Daniel Patterson is now a Michelin star chef based in San Francisco, but he got his start doing non-profit work through Larkin St. Youth Services, an organization that helps homeless youth get back on their feet.

When Patterson first met Sasha Bernstein, she was hosting cooking classes for children at local farmers’ markets. Both were involved in the food and wine world and wanted to give back to the community. So they joined forces and started The Cooking Project in May of 2013.

The Cooking Project is a non-profit based in the Bay Area that focuses on teaching local students vital and sustainable cooking skills.

“We wanted to help kids feel more confident in the kitchen and just be able to feed themselves better on a budget,” said Bernsten. “We wanted to offer them that family meal experience that not everybody gets and the education of how that food gets to the table.”

The project currently partners with schools and teachers from both Oakland and San Francisco.

Their services are offered through two different routes. In the first route, they either partner with a specific teacher or advisor of an organization and set them up with a local chef off site.

The age of the students range from high school to college age and they take a field trip to the offsite location for a day class. These classes are held monthly and available to any organization that is interested in participating.

They also partner with local schools to set up entire programs that can last up to several weeks, during which the organization comes into the schools and teaches these classes on campus a couple days out of the week.

Mike Prutz, a physical education teacher at Lowell High School in San Francisco, has partnered with The Cooking Project for a couple of years now. “Because we do focus on the health and fitness aspects of life, food is right in there,” said Prutz. “It was a perfect match, really.”

Prutz works with the organization to tailor each course to his students’ needs and interests.

“You never know what they take home. But we always ask them to try what they learned that day at home and they do,” Prutz said.

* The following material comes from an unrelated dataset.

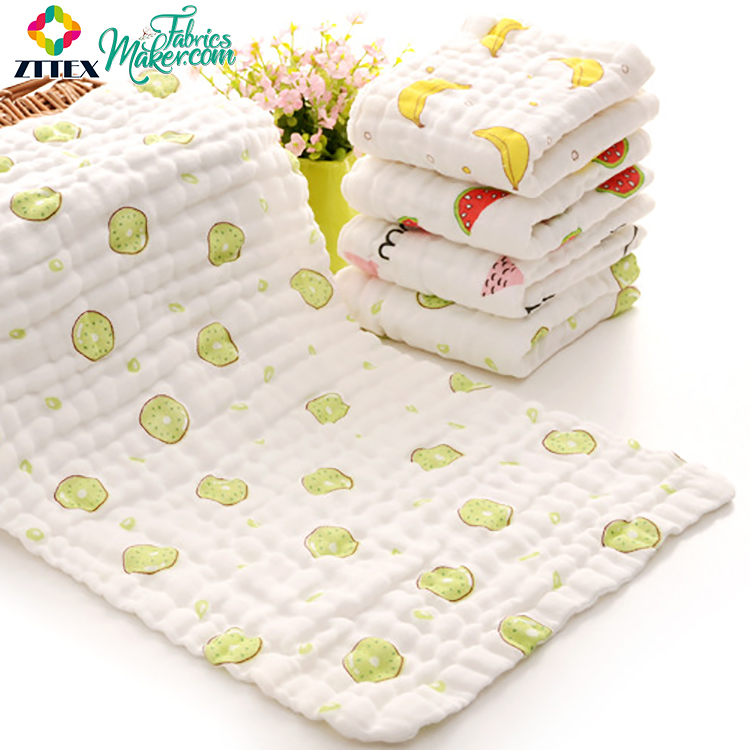 Cheap Price Brushed Pattern 100% cotton double gauze muslin fabric for baby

The program is designed in a way to not only teach the students basic cooking skills, but to help them explore different themes that they haven’t explored before. Some of the classes they offer focus on varying themes that range from cooking with local and sustainable food to the history of certain cultural dishes.

At the end of their partnered program with the schools, the students get to organize a potluck among themselves. The potluck has to be made up of food they made on their own, and they have to share and present their dishes to their classmates.

“We had a student that was very shy in one of our programs, and during the final potluck he shared his dish with so much pride it made me so proud to be part of that experience,” Bernstein said.

The Cooking Project is looking to expand their partnership both with the local schools and local chefs to provide these classes to as many young people in the community as possible.

“A lot of the times it just helps build relationships in the kitchen and with their parents or caretakers,” said Purtz. “If they can contribute and have a relationship with whoever feeds them they gain an appreciation for how to make food and the connections that they make.”